◆ **SOURCE RECORDS**:
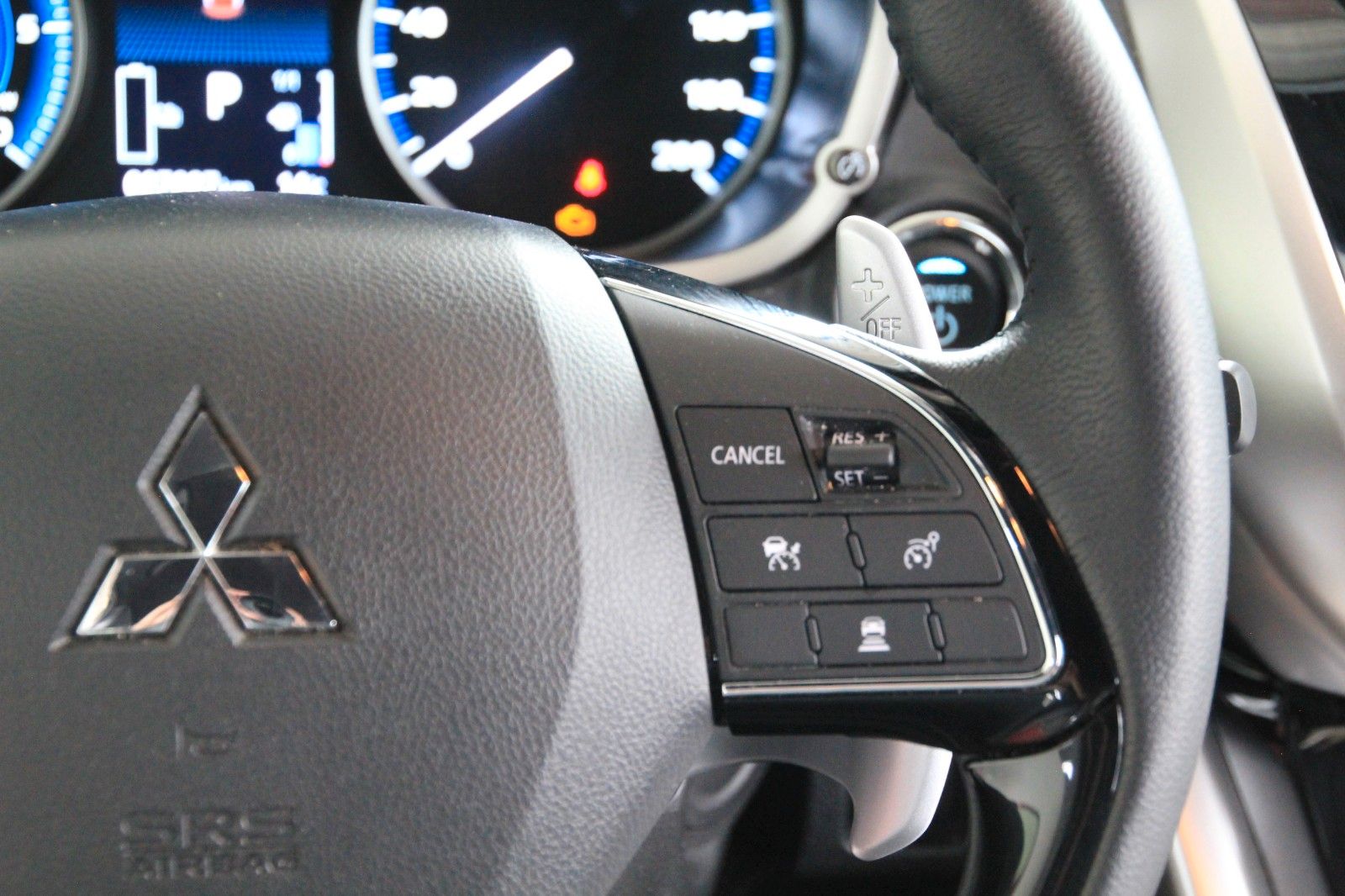 Fahrzeugabbildung Mitsubishi Eclipse Cross Select PHEV 4WD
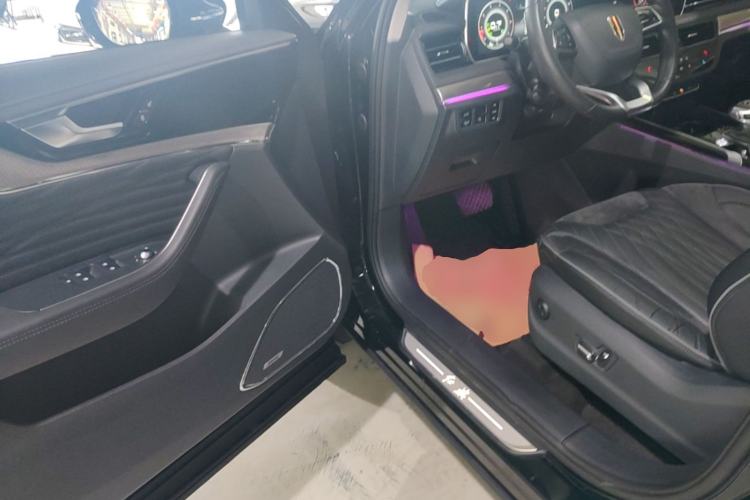 Used Hongqi HS5 2022 Revised Version 2.0T Smart Connect Flagship Edition Driver Seat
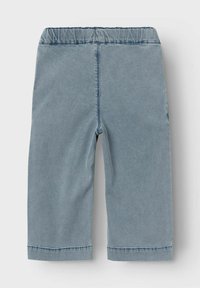 Culottes de denim azul con una cinturilla elástica, que presentan un corte recto y detalles de costura visibles en los dobladillos.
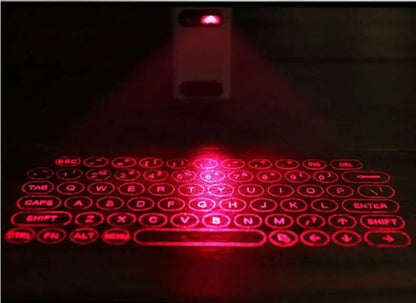 Clavier laser virtuel rouge projeté sur une surface sombre par un appareil compact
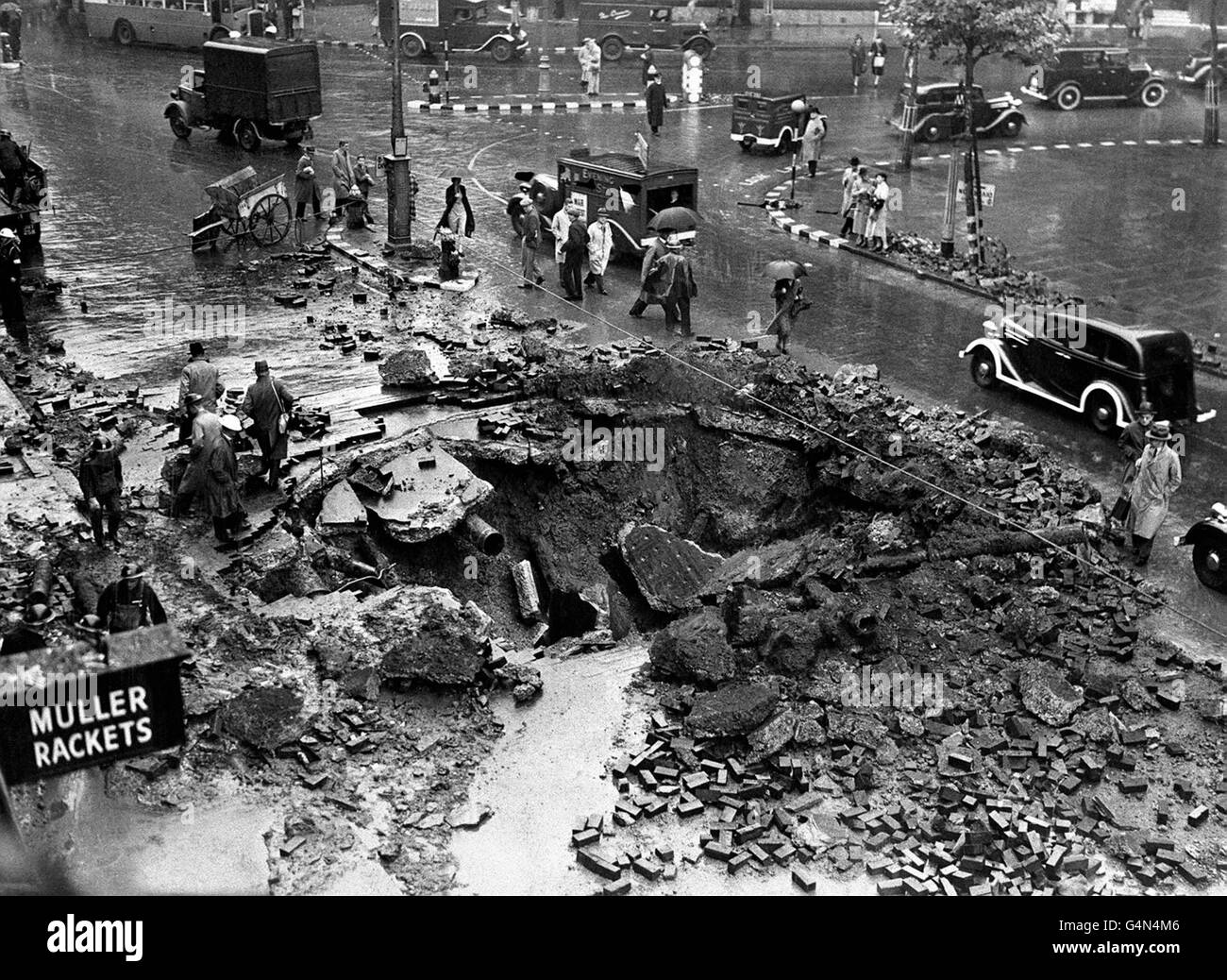 Un énorme cratère causé par une bombe allemande dans le Strand, Londres. Banque D'Images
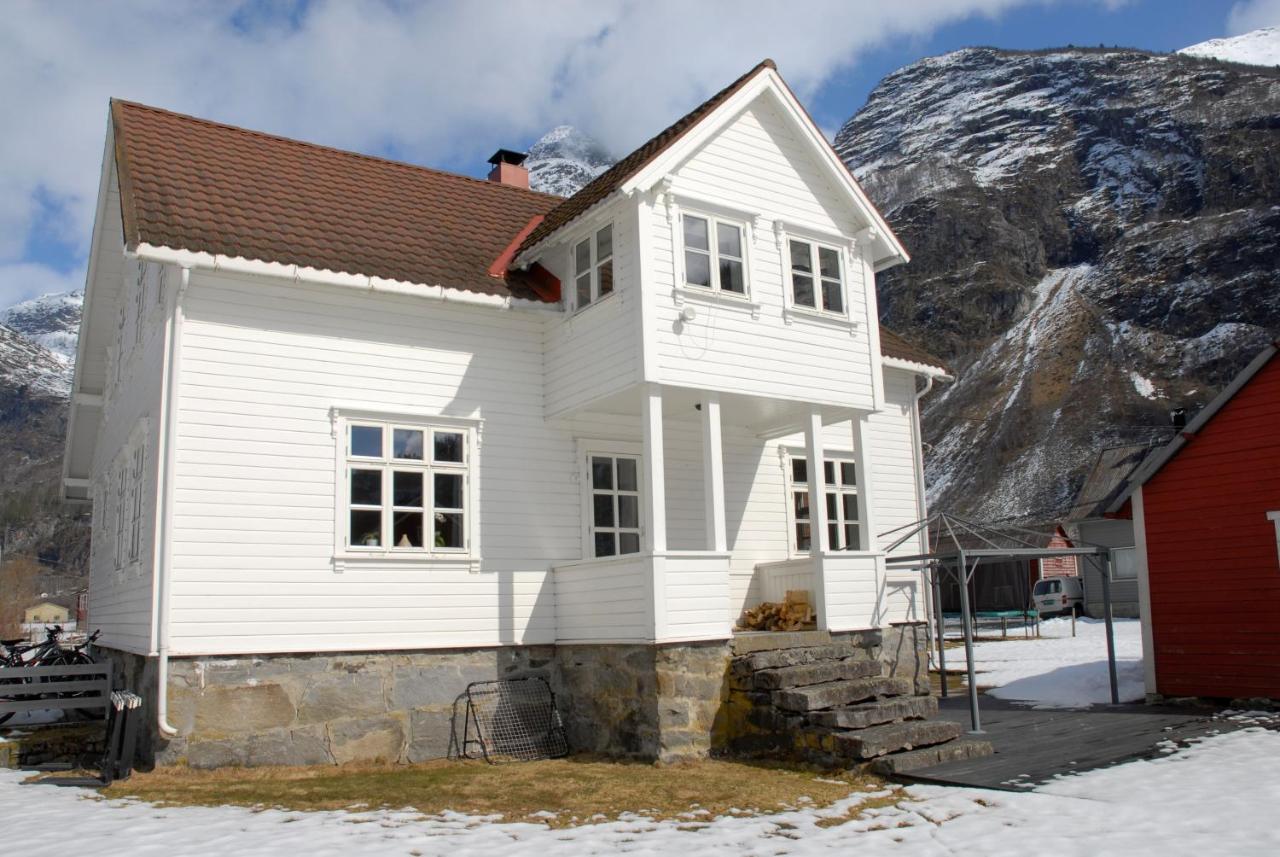 Comfortable House In Quiet Area Luster Esterno foto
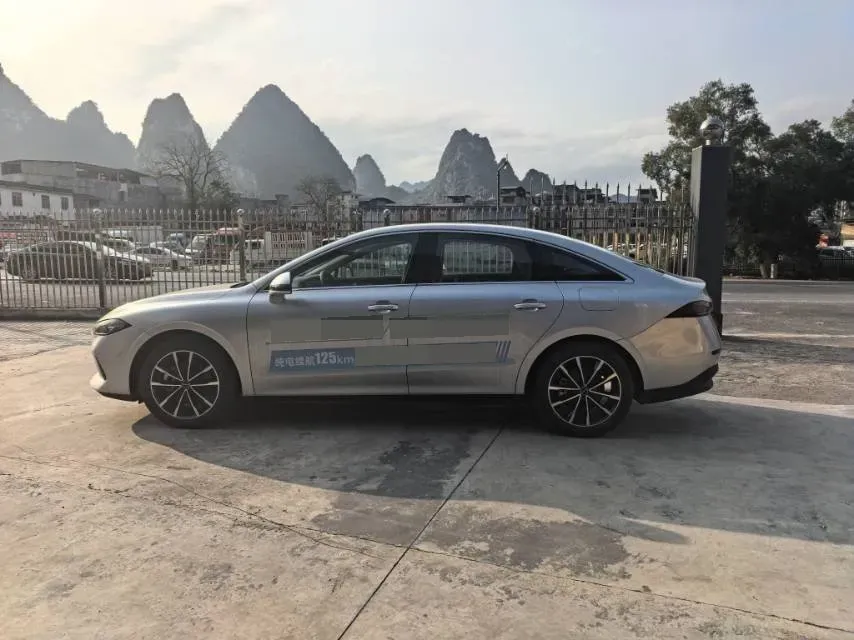 2025 Roewe D7 1.5L 112HP L4 1DHT PHEV 19.7KWH,autocango,china used car exporter,china ev exporter,chinese used car exporter,chinese used ev exporter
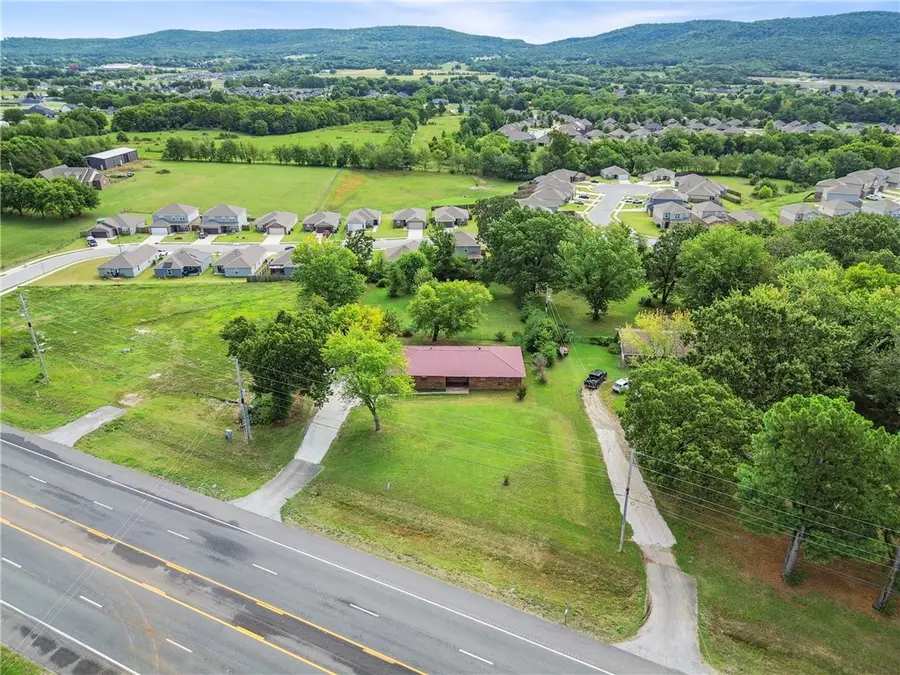 3411 E Heritage Parkway, Farmington, AR 72730 - Image #2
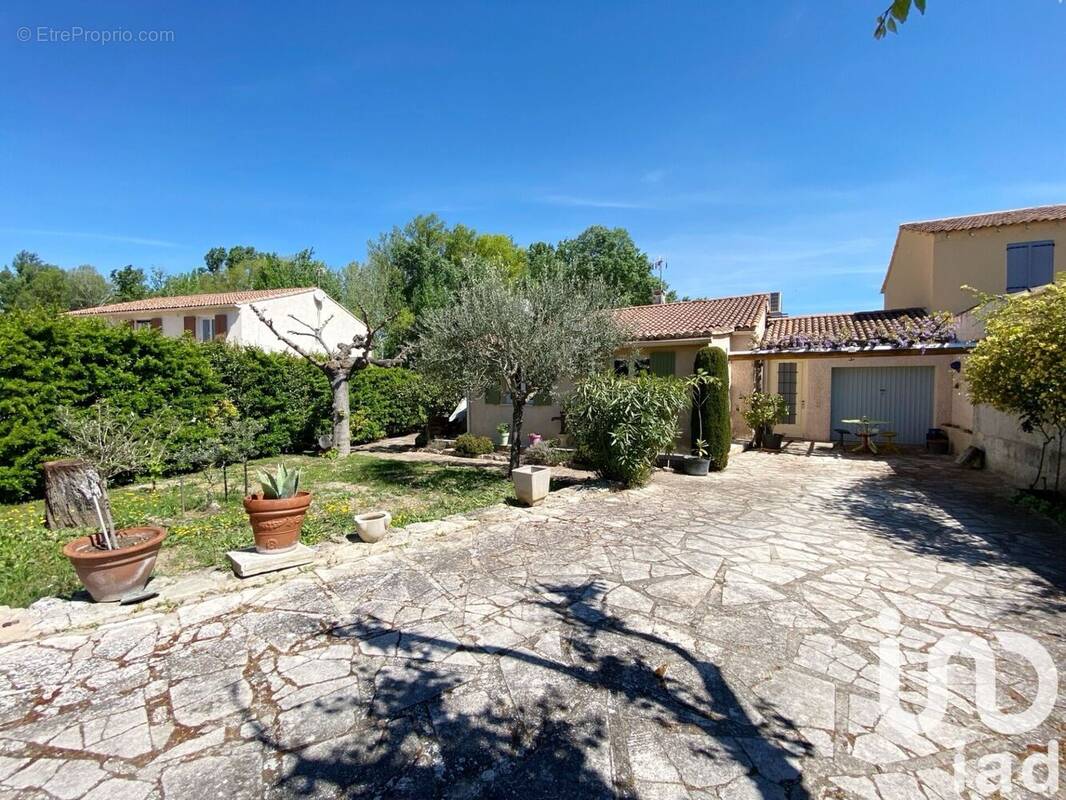 Photo 1 - Maison à ROBION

◆ **PROBLEM TO SOLVE**: Output the lines of the data exactly, starting at the first and ending with the line that has "Culottes de denim". Pictures are not part of it.

◆ **PROBLEM SOLUTION**:
 Fahrzeugabbildung Mitsubishi Eclipse Cross Select PHEV 4WD
 Used Hongqi HS5 2022 Revised Version 2.0T Smart Connect Flagship Edition Driver Seat
 Culottes de denim azul con una cinturilla elástica, que presentan un corte recto y detalles de costura visibles en los dobladillos.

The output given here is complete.